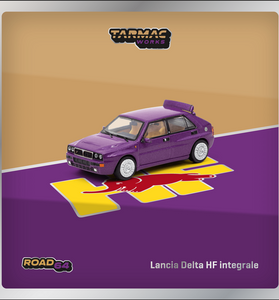 Tarmac Works 1:64 Lancia Delta HF Integrale Viola Purple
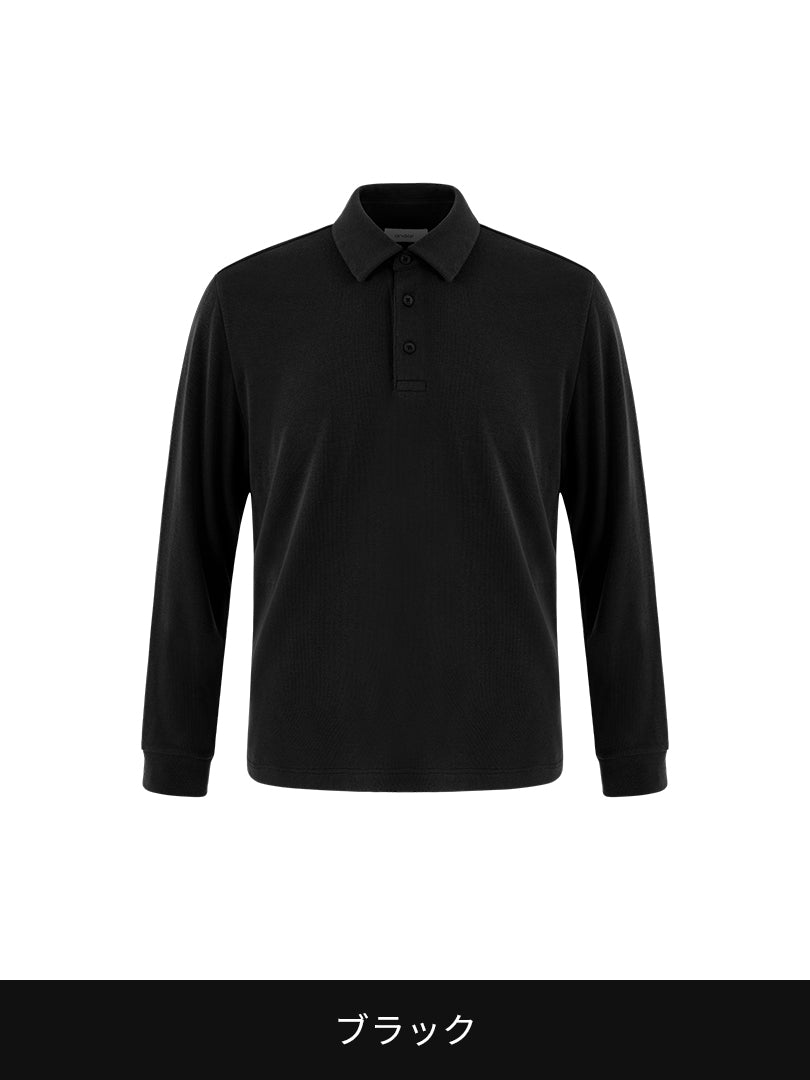 [OUTLET][2SET] Primeknit メンズ ニットポロ (長袖) - andar JAPAN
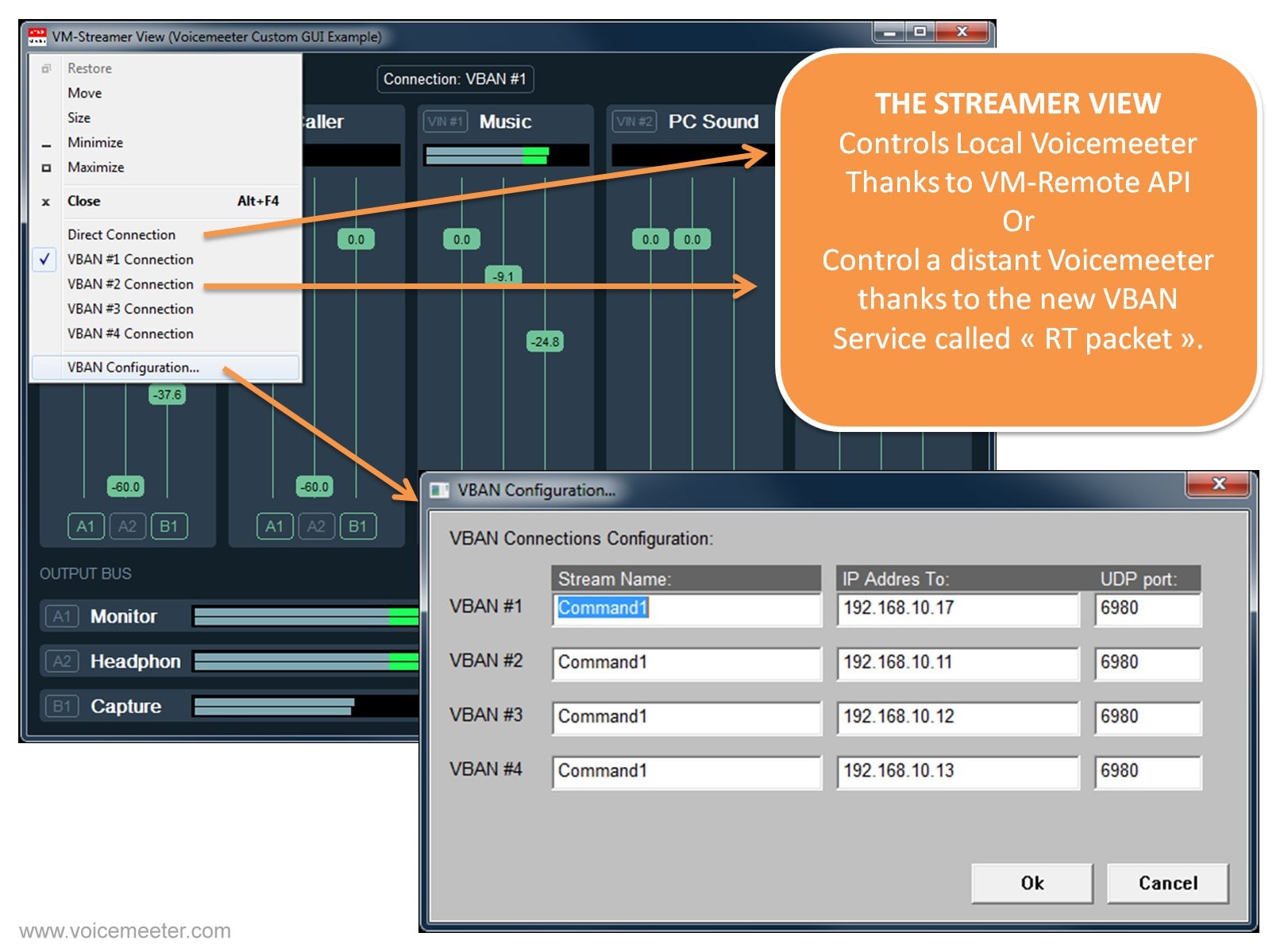 The VoiceMeeter Streamer View VOICEMEETER by VBAUDIO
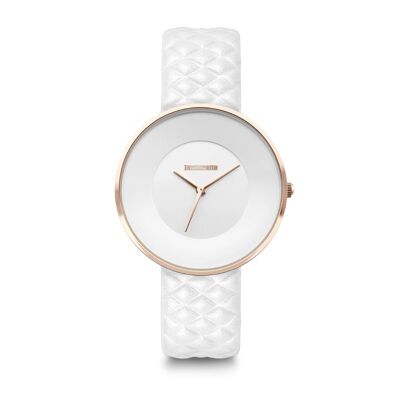Cielo 34 Quilted Rosegold White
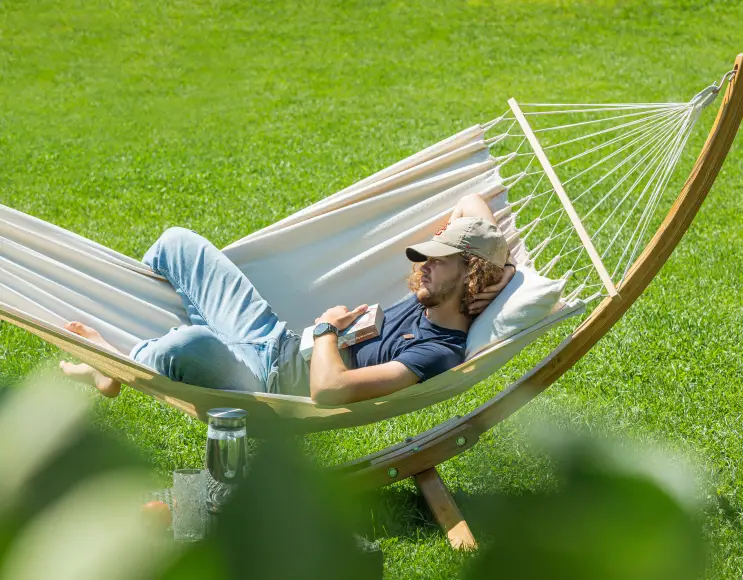 HAMMOCK WITH STICK MODEL MILK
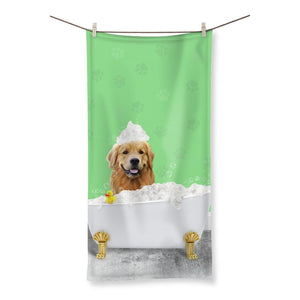 The Bath Tub: Custom Pet Towel - Paw & Glory - Dog Portraits - Pet Portraits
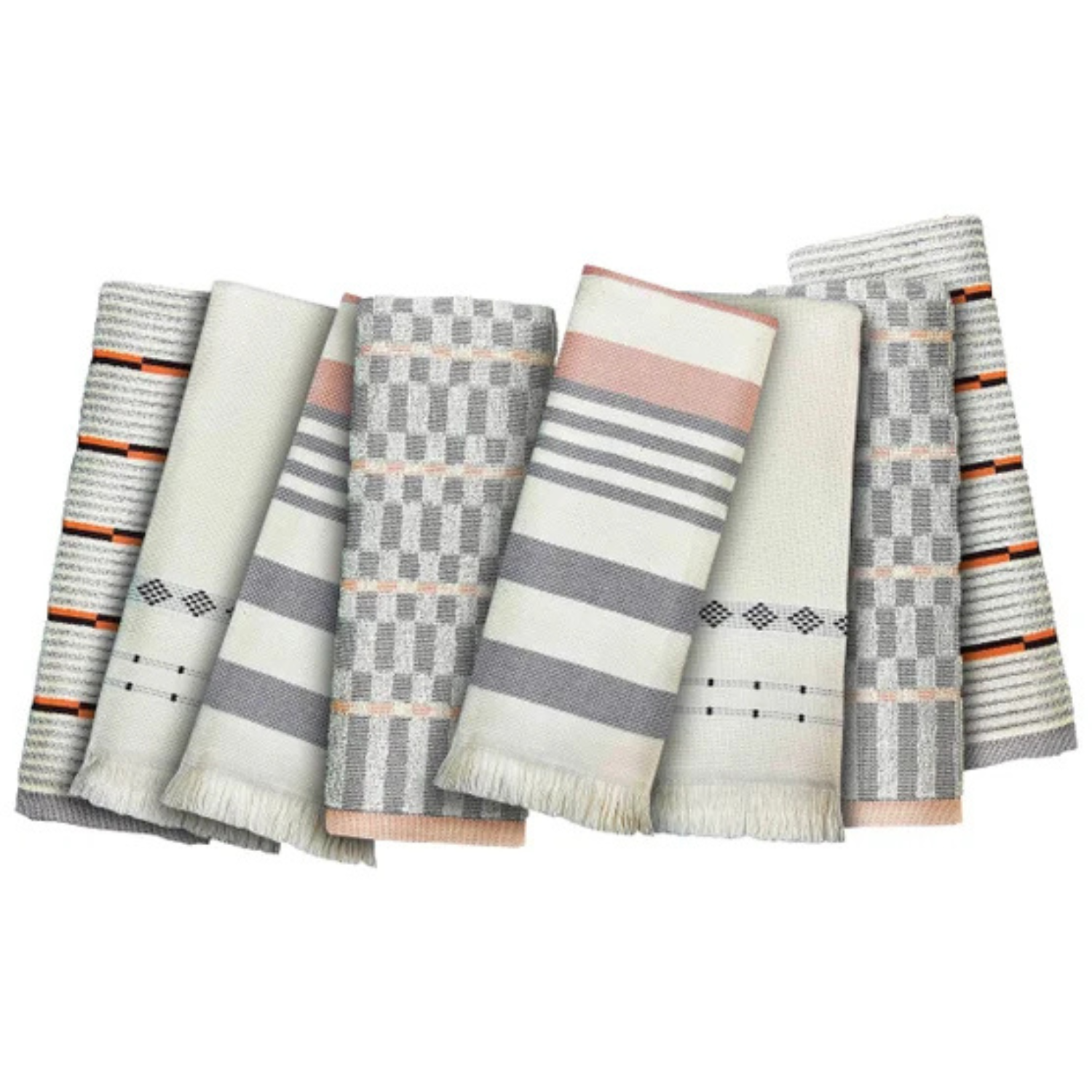 MADE IN PORTUGAL - Paquet de 8 Serviettes de Cuisine-8-Pack-Kitchen-Towels-brun-terracotta-Brown-3400440-1967323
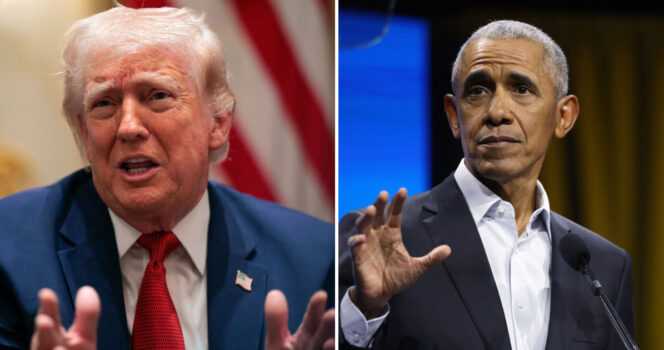 Barack Obama, Donald Trump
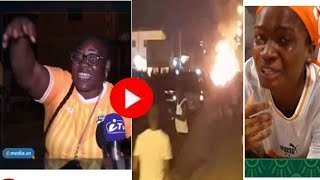 Abidjan en feu voici la colère des supporters ivoiriens contre ouattara aprés la defaite [upl. by Emersen]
^^^^^^^^
Problem details |
Please output all the records above exactly, leaving out every picture.

Result of this task |
 Tarmac Works 1:64 Lancia Delta HF Integrale Viola Purple
 [OUTLET][2SET] Primeknit メンズ ニットポロ (長袖) - andar JAPAN
 The VoiceMeeter Streamer View VOICEMEETER by VBAUDIO
Cielo 34 Quilted Rosegold White
 HAMMOCK WITH STICK MODEL MILK
 The Bath Tub: Custom Pet Towel - Paw & Glory - Dog Portraits - Pet Portraits
 MADE IN PORTUGAL - Paquet de 8 Serviettes de Cuisine-8-Pack-Kitchen-Towels-brun-terracotta-Brown-3400440-1967323
 Barack Obama, Donald Trump
 Abidjan en feu voici la colère des supporters ivoiriens contre ouattara aprés la defaite [upl. by Emersen]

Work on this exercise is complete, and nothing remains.